Elle déconstruisait le mythe de la maternité
Figure féministe, Marie Vassilieff a toujours refusé de se marier pour préserver son indépendance, tout comme elle n’a jamais signé chez un·e galeriste. Sa vie amoureuse était très compliquée, nous raconte le jeune galeriste qui nous a accueillis au 30 rue de Penthièvre. Elle devient mère en 1917 et est immédiatement quittée par le père de son fils, l’officier Omar Chrouat, qui préfère retourner vivre avec son épouse.
L’Amant officier et l’enfant retrace ce “grand drame intime de Marie Vassilieff”, relate Benoît Noël. “En 1938, elle retrouve fortuitement sa trace en discutant avec un Anglais venu en France […]. Cet Anglais est ami d’Omar Chrouat et de la pictoresse d’origine galloise Nina Hamnett qui fréquenta durablement l’Académie Vassilieff. Hélas, en dépit d’une lettre à Omar Chrouat, devenu commandant en Angleterre, au fil de laquelle elle l’implore de renouer avec son fils et de l’aider à̀ monter une exposition prévue en novembre 1938 […], celui-ci reste de marbre.”

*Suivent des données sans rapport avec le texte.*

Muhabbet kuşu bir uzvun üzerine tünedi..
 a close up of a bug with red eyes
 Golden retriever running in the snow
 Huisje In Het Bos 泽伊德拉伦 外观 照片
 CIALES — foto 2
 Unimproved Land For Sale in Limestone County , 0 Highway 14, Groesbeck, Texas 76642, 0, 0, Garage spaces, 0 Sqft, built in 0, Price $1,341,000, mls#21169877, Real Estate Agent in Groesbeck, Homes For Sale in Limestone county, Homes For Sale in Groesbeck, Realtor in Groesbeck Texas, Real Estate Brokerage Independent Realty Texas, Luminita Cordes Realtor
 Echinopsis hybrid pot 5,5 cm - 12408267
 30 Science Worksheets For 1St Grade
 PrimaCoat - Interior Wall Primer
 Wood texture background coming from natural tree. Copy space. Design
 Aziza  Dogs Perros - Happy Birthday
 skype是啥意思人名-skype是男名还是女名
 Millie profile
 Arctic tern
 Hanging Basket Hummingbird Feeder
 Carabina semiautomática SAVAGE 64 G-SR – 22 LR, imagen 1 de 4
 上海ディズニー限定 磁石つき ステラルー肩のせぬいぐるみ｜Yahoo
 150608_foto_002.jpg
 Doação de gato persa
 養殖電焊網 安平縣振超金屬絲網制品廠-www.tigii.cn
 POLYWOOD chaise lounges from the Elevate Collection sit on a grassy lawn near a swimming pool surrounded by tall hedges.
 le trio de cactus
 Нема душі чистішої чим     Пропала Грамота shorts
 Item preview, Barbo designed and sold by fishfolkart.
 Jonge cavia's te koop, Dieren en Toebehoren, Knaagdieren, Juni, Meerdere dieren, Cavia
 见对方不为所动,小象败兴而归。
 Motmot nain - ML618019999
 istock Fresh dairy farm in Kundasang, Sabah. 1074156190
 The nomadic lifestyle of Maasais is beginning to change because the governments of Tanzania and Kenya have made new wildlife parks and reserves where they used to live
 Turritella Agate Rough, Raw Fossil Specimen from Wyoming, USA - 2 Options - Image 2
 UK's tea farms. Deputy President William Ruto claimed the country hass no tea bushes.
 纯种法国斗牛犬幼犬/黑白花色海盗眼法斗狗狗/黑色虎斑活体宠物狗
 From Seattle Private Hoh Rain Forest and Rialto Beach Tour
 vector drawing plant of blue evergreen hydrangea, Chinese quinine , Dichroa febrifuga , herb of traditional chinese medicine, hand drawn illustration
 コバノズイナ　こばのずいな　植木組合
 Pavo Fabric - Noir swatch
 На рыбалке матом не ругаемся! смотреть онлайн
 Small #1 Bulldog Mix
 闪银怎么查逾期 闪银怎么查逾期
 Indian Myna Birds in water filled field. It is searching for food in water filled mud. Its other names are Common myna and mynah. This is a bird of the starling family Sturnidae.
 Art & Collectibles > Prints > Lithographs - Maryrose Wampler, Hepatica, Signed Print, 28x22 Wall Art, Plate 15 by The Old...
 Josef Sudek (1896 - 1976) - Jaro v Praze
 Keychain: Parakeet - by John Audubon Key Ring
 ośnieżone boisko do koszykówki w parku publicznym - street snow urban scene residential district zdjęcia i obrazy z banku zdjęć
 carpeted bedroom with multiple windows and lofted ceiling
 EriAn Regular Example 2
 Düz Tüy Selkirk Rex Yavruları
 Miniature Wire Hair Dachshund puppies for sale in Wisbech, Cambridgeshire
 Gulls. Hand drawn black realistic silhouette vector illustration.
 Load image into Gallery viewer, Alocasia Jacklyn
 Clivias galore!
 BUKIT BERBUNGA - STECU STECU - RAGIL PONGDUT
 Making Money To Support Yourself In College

Marie Vassilieff, L’Amant officier et l’enfant, 1947. (© Galerie Françoise Livinec)
“Marie Vassilieff acte en cette œuvre toute en délicatesse, avec infiniment de pudeur, ce refus tragique en insistant sur la tendresse que refuse l’inconséquent père à son fils et à elle-même. Deux doux visages sont barrés d’un large ‘X’ dont la pointe inférieure droite est la flèche qu’il lui a enfoncée à jamais dans le cœur”, interprète le spécialiste. Un autre de ses dessins, Présentation du père à son fils, fantasme cet événement qui n’aura finalement jamais lieu.
Du jour au lendemain, l’artiste se retrouve à gérer à la fois une cantine, un atelier, et une vie de mère célibataire qu’elle n’a jamais voulue. Sur le thème de la maternité, elle réalise des peintures religieuses douces comme La Vierge à l’enfant, où la mère apparaît nourricière. Mais aussi des scènes modernes dans lesquelles ses sujets féminins poursuivent leur vie sociale, en terrasse de café, avec leur bébé sur les genoux. Ainsi, elle déconstruisait le mythe maternel à travers ses tableaux, et refusant ce carcan qui pesait sur sa vie d’artiste mondaine.
Tout le long de sa carrière, elle créa de nombreux portraits de son fils Pierre, dans des scènes du quotidien attendrissantes. Marie Vassilieff a passé les dernières années de sa vie à la Maison nationale de retraite des artistes de Nogent-sur-Marne, une “institution fondée en 1945 par deux femmes”, rapporte Benoît Noël. “Marie Vassilieff fut la première à y être admise.”
Marie Vassilieff, Femme au cheval, 1950. (© Galerie Françoise Livinec)
Marie Vassilieff, Portrait de femme, 1947. (© Galerie Françoise Livinec)
Marie Vassilieff, Hommage à Hélène Boucher, 1921. (© Galerie Françoise Livinec)
L’exposition “Marie Vassilieff : la cigale des steppes” est à voir aux deux galeries parisiennes de Françoise Livinec. Ses œuvres d’après-guerre et cubistes y sont exposées jusqu’au 17 février 2023.